Sunday, 6 March 2016

Sickness

Sick in bed, time crawls. Normally I listen to the news once a day. Anchored in bed, more detached than usual from the rest of the world, ironically I have never been so familiar with current affairs. Hearing the news with every meal, I can map the progress of the items. Breakfast's headline has fallen to second place by lunch; at teatime it has slipped to a footnote; by the evening it has been jostled off the agenda.

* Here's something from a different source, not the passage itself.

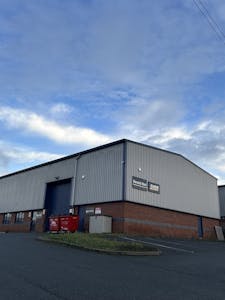 Unit 4 Plot 18, Bromsgrove, Industrial/Logistics To Let - Unit 4 Harris Biz Park_External 6.jpg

My condition, sinusitis generating an agony disproportionate to the cause, a simple cold, invokes rituals honed over the years. Analgesics, steamy showers, inhalations, hot and cold compresses. None are efficacious, merely desperate distractions. I do not know what, if anything, is best to alleviate the pain. And this exemplifies the chasm which exists between me, the 'I' in charge of the flesh, and the flesh itself. The conflation of the person with the body it occupies, a shorthand to which we all subscribe daily, is revealed as false. I puzzle over how to relieve my body of its pain as fruitlessly as I would struggle to assist a cat or dog in distress, unable to communicate the source of its affliction.  Being trapped inside this body is at once the most intimate and most detached relationship, like sharing a prison cell with a stranger. Why has this spot on my arm appeared and what does it signify? No manufactured device is supplied with so little information about how to use and maintain it, yet my body can't be replaced or returned to factory settings.

If I were, magically, able to occupy a different body, how would that feel? More importantly, would it change me? We assume the body reflects the personality: physically attractive people are deemed desirable companions, and when this is erroneous, we are indignant. 'She looked so sweet, but she turned out to be spiteful.'  Yet despite that duality, or duplicity, being a threadbare staple of romantic fiction, we struggle to discard it, the evolutionary purpose it serves trumping even the most superficial examination.

Clothes are a different matter. It is the inner being which selects the outer garments, subject to the physical constraints imposed by the body; no amount of determination will thrust an XXL frame into M tee-shirt.  But rather than a true reflection of the soul, clothes merely reflect the extent to which individual taste is compromised by convention and fashion and limited by cost. Only those who are thoroughly disinhibited, very wealthy and completely immune to trends - a rare combination - can project themselves without distortion through their garb.

As the grip of the infection loosens and I am no longer shackled to pain induced torpor, I will once more assert my dominance over my body. Where knowledge fails, brute force will serve: I'm taking it to the gym.